The Cranberries – well, three quarters of them – reunited last night in honour of Dolores O’Riordan joining the likes of The Edge, Al Pacino, Helen Mirren and Salman Rushdie in being made an Honorary Patron of Trinity College’s Philosophical Society.
After being interviewed in front of 300 wildly appreciative Trinners students by Hot Press’ Stuart Clark, Dolores and the brothers Hogan who hadn’t been on stage or in the same room together for almost six years performed string-quartet assisted versions of ‘Linger’, her 2007 solo hit ‘Ordinary Day’ and that other Cranberries chestnut, ‘Zombie’.
“When I was asked a few weeks ago if I was up for it I thought, ‘Oh, it’ll be a nice simple acoustic job’, but Dolores being Dolores she decided she wanted to make a real occasion of it and have a string section as well,” Noel Hogan told Hot Press beforehand. “I kept leaving it, but finally got my old notebooks out last night and slipped right back into it. We rehearsed this afternoon and, I have to say, it sounded pretty good.”

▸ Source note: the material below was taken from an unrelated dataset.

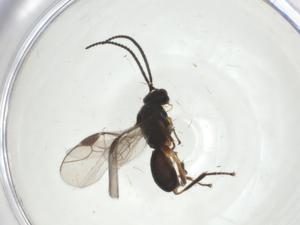  ( - CBG-A31916-H02)  @11 [ ] CreativeCommons - Attribution Share - Alike (2024) Centre for Biodiversity Genomics Centre for Biodiversity Genomics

It certainly did. Despite professing to some pre-gig butterflies, the band were as note perfect as they were back in their ‘90s heyday prompting the inevitable question – are the Cranberries going to get back together?
“Definitely down the road, but not right now,” Dolores says, “because we’ve all got kids and babies. You can’t really do both – be on the road all the time and be a good parent. To bring kids into the world, you need to be there for them. I’m really enjoying taking things at my own pace.”
Which means local newspaper talk of The Cranberries playing Thomond Park is, for the time being, wide of the mark.
Fans will be pleased to hear though that Dolores’ second solo album, No Baggage?, is due in May with ‘Skeleton’, ‘Tranquilizer’, ‘Lunatic’ and ‘Switch Off The Moment’ among the stand-outs.
Also in the can and awaiting summer release is the first album by Noel Hogan and Oxford singer Richard Walters’ collaborative project, Arkitekt. It’s trailed on March 1 by ‘14 Waves’, a song that packs the most potent of pop punches. The duo are planning to spend a goodly part of 2009 on the road which, laughs Hogan, “will surprise my three kids who are too young to remember The Cranberries and think their dad’s job is hanging around at home. We’re both excited about playing these songs live and building things from the ground up. It really does feel like a new beginning.” He also has a compilation of Limerick acts ready to go on his own Gohan Records label.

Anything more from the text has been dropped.